Foreign ministry representatives from Sweden, Italy, and the Netherlands promised that their countries would work together to put climate change on the agenda of the United Nations Security Council during their rotations, which start January 1, 2017. One of the main themes for the Netherlands will be “finding innovative solutions to water- and climate-related security challenges,” said Koenders. Sweden’s State Secretary for Development Cooperation Ulrika Modéer said her country is pursuing a “feminist foreign policy” and will put an emphasis on women and peace as well as climate change during their term on the Council.

The discussions over two days of meetings were remarkable for the varying personal and political contexts but shared general objectives. The mosaic of attendees in some ways reflects the state of global climate policy.

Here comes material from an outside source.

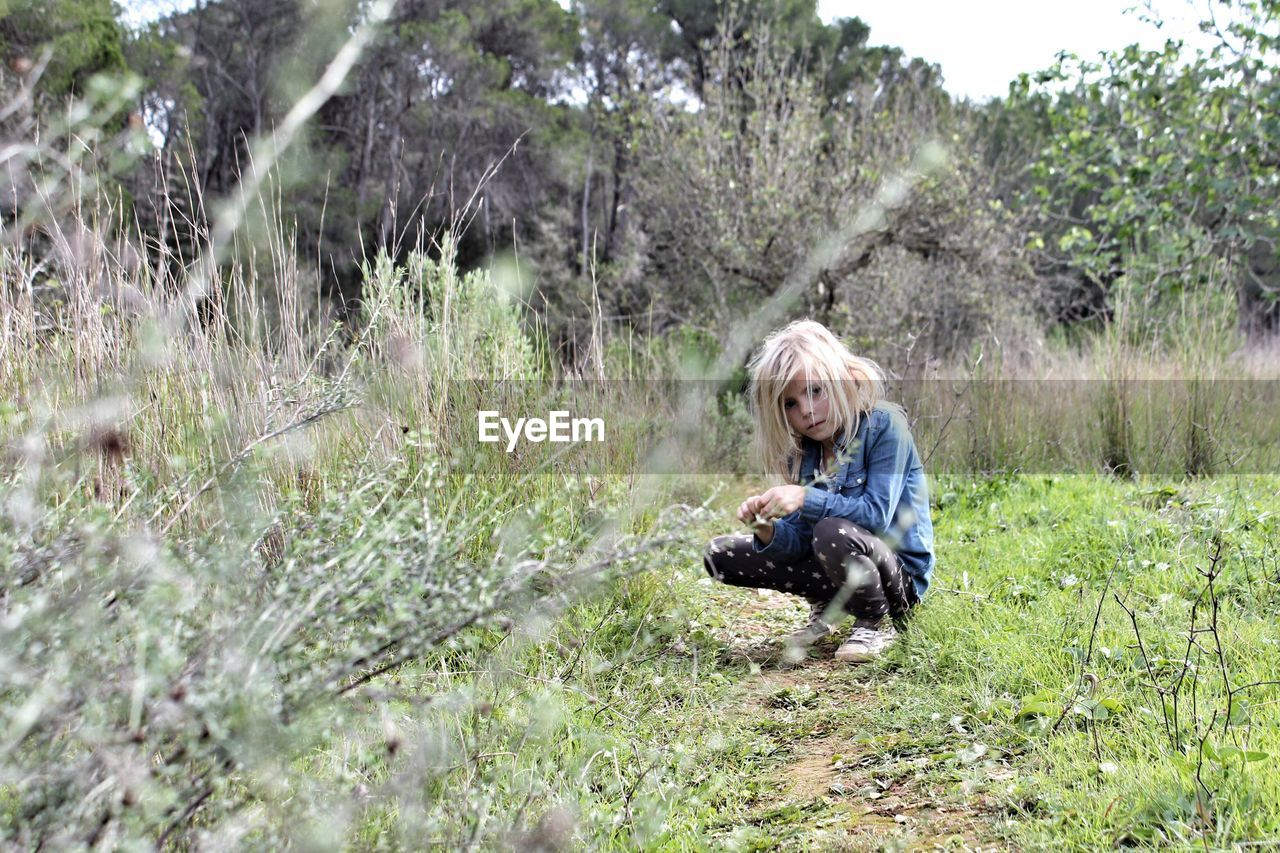 Girl crouching on grassy field against trees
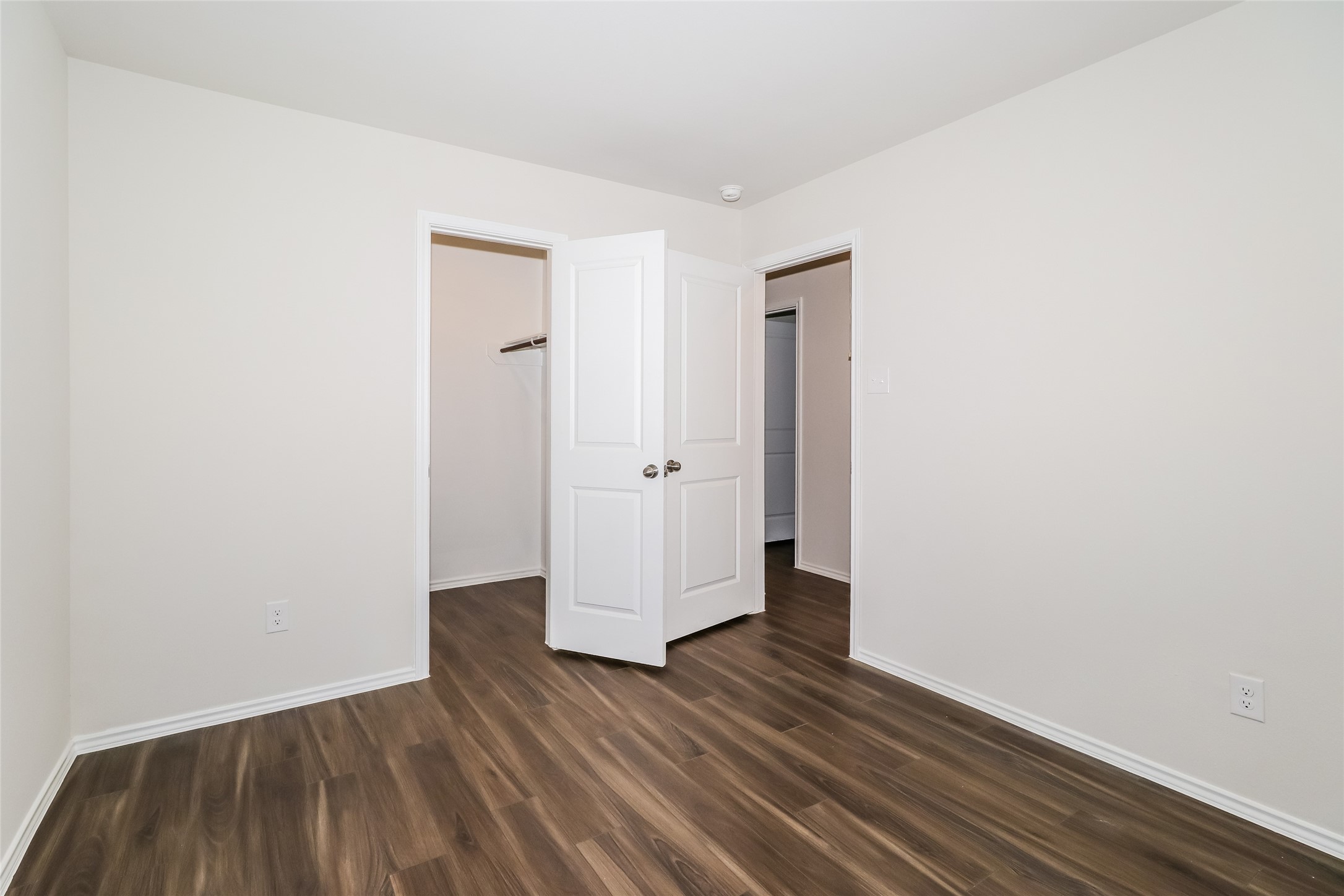 2146 Middle Rdg Drive Conroe, TX 77301 - Photo 11 of 21 an empty room with wooden floor and wooden door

Pascal Delisle of the European External Action Service, the European Union’s diplomatic arm, likened it to the early stages of an impressionist painting: “We have elements that are starting to form a full picture… We’re getting toward more coherence, more alignment; we’re still working on steering.”

Next year the organizers say they plan to expand global representation (as one might expect, attendees were mainly from Europe), involve the private sector more, and possibly draft some kind of public declaration. What the global political landscape will look like then is anyone’s guess. But the diffusion of the effort to prepare for and address environment-related security problems may be a positive aspect in some respects. As states become less important in terms of shaping world affairs, as many believe is the case, their leadership may become less crucial too, with multilateral and mixed public-private partnerships increasingly filling the void.